**Material to process:**

++++++++++

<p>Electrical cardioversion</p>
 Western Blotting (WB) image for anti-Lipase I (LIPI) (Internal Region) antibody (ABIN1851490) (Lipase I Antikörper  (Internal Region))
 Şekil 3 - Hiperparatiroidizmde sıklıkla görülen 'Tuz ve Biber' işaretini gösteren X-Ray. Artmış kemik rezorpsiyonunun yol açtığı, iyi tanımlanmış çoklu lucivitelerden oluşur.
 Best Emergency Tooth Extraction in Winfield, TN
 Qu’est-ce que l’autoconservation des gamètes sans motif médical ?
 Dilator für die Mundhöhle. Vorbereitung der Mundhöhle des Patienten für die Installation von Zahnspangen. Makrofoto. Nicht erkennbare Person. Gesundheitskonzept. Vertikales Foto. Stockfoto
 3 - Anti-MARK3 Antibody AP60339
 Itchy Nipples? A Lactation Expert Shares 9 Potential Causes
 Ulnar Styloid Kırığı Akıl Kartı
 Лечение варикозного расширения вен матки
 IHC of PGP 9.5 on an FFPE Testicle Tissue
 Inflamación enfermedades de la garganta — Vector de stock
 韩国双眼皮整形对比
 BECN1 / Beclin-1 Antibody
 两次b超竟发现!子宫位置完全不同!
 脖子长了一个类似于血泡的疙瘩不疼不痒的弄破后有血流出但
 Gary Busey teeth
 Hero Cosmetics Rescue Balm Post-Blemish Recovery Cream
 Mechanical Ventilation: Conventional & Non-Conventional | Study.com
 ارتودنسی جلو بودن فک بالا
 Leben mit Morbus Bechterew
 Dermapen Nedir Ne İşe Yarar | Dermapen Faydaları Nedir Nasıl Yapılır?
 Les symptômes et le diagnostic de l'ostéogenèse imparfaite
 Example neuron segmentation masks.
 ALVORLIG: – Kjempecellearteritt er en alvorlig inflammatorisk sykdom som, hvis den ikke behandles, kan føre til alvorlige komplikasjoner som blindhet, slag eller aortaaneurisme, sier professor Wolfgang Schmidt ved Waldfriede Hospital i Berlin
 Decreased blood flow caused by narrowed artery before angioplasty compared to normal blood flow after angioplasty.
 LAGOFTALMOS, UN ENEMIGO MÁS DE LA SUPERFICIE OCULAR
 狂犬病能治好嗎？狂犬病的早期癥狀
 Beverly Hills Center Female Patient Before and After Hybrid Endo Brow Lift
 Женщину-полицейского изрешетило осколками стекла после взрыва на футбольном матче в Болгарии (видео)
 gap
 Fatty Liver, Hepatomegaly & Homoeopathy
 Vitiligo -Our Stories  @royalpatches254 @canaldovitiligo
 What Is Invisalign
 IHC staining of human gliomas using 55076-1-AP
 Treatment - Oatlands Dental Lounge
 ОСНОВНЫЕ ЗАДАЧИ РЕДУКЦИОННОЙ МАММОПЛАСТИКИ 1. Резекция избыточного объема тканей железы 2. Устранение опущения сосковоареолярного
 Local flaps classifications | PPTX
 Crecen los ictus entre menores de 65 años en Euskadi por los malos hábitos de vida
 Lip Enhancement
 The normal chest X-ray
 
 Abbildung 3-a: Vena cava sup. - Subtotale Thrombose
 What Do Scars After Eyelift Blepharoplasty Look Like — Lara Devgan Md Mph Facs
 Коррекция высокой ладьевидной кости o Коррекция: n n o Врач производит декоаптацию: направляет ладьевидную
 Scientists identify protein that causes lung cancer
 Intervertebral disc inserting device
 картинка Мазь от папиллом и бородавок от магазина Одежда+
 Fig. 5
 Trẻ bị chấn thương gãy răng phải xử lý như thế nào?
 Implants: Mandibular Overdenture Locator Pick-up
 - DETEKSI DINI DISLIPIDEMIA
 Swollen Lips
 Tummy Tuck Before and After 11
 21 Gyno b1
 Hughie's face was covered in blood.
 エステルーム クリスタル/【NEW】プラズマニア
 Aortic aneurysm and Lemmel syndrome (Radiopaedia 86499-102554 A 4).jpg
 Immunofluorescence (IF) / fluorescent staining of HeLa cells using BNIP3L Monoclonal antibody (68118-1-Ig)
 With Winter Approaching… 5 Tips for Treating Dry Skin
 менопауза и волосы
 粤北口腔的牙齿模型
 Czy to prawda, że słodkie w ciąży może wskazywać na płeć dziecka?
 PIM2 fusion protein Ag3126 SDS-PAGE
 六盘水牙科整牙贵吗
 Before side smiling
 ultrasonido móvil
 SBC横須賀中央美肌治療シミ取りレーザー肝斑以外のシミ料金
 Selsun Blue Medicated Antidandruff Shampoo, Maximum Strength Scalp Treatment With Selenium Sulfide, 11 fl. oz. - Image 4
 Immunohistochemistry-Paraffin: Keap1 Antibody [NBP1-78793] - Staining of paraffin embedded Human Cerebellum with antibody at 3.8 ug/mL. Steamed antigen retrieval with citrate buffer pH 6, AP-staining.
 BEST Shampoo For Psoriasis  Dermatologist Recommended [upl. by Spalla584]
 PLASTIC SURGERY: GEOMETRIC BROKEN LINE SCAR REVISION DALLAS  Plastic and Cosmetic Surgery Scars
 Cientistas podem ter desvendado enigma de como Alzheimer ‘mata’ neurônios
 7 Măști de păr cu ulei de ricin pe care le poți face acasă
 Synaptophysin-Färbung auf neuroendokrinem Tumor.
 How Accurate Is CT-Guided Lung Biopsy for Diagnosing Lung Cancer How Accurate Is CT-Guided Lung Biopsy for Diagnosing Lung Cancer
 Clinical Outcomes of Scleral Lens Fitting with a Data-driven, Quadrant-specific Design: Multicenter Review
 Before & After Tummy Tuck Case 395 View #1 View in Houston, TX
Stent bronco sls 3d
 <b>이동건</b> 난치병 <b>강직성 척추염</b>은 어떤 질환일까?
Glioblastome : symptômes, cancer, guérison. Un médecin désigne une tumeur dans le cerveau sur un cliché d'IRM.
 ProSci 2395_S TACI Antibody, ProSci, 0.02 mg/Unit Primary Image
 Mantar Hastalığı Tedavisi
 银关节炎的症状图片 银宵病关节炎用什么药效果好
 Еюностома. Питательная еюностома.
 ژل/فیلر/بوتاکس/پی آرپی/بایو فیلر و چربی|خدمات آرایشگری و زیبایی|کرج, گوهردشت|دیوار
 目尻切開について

++++++++++

**Problem statement:** Please give back, exactly as it stands above, the stretch from the line with "脖子长了一个类似于血泡的疙瘩不疼不痒的弄破后有血流出但" through the line with "Treatment - Oatlands Dental Lounge", and no line outside it.

**Solution for this exercise:**
 脖子长了一个类似于血泡的疙瘩不疼不痒的弄破后有血流出但
 Gary Busey teeth
 Hero Cosmetics Rescue Balm Post-Blemish Recovery Cream
 Mechanical Ventilation: Conventional & Non-Conventional | Study.com
 ارتودنسی جلو بودن فک بالا
 Leben mit Morbus Bechterew
 Dermapen Nedir Ne İşe Yarar | Dermapen Faydaları Nedir Nasıl Yapılır?
 Les symptômes et le diagnostic de l'ostéogenèse imparfaite
 Example neuron segmentation masks.
 ALVORLIG: – Kjempecellearteritt er en alvorlig inflammatorisk sykdom som, hvis den ikke behandles, kan føre til alvorlige komplikasjoner som blindhet, slag eller aortaaneurisme, sier professor Wolfgang Schmidt ved Waldfriede Hospital i Berlin
 Decreased blood flow caused by narrowed artery before angioplasty compared to normal blood flow after angioplasty.
 LAGOFTALMOS, UN ENEMIGO MÁS DE LA SUPERFICIE OCULAR
 狂犬病能治好嗎？狂犬病的早期癥狀
 Beverly Hills Center Female Patient Before and After Hybrid Endo Brow Lift
 Женщину-полицейского изрешетило осколками стекла после взрыва на футбольном матче в Болгарии (видео)
 gap
 Fatty Liver, Hepatomegaly & Homoeopathy
 Vitiligo -Our Stories  @royalpatches254 @canaldovitiligo
 What Is Invisalign
 IHC staining of human gliomas using 55076-1-AP
 Treatment - Oatlands Dental Lounge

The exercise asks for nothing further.